One of the great attributes of the project-based learning model is the opportunity educators have to “live” PBL in front of their students. This is particularly true as the project comes to an end in the classroom. Now it’s time to reflect upon the project itself! How did it go? Did you and your students enjoy it? What worked and what took an adjustment? What needs to happen before I use it again next year?

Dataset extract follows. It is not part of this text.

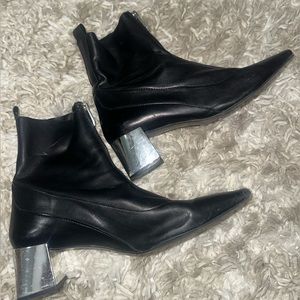 Black leather zip front bootie with silver mirror heel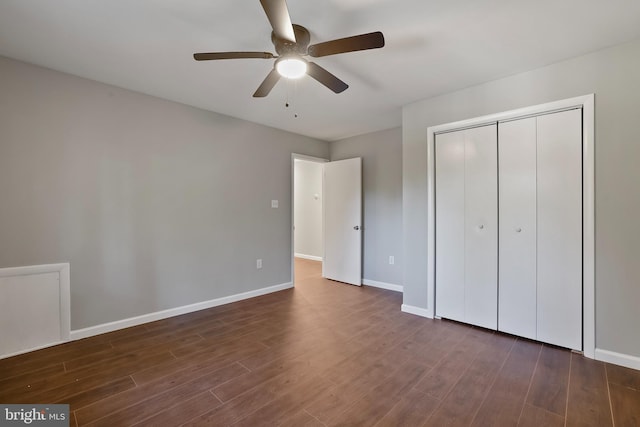 unfurnished bedroom with a closet, dark hardwood / wood-style floors, and ceiling fan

Who should be involved in the process?
Definitely the students, as well as anyone that served as an expert or audience member during the process. Students should be allowed to be honest in the process; however, teaching them to be constructive critical friend to their peers AND educators yields better results all around. “Don’t just tell me you liked it or hated it. Tell me why. Tell me what I could do to fix it or improve it for next time!” This is true for your colleagues, other teachers, audience and experts as well. Many of them will have a different perspective or will notice things that you may have missed while you were in the middle of the process.
What will your process look like?
Using rubrics and reflection or critical friends protocols is another way that educators can demonstrate the PBL process. Fortunately at my school, we are to use the critical friends and looking at student work protocols regularly. This assures the quality of our practice in the classroom.
Is it just a one-time assessment?
How a project is used, reused, changed, or abandoned should be influenced by the reflective process. The life of a project could very well be extended due to the feedback you receive from the process!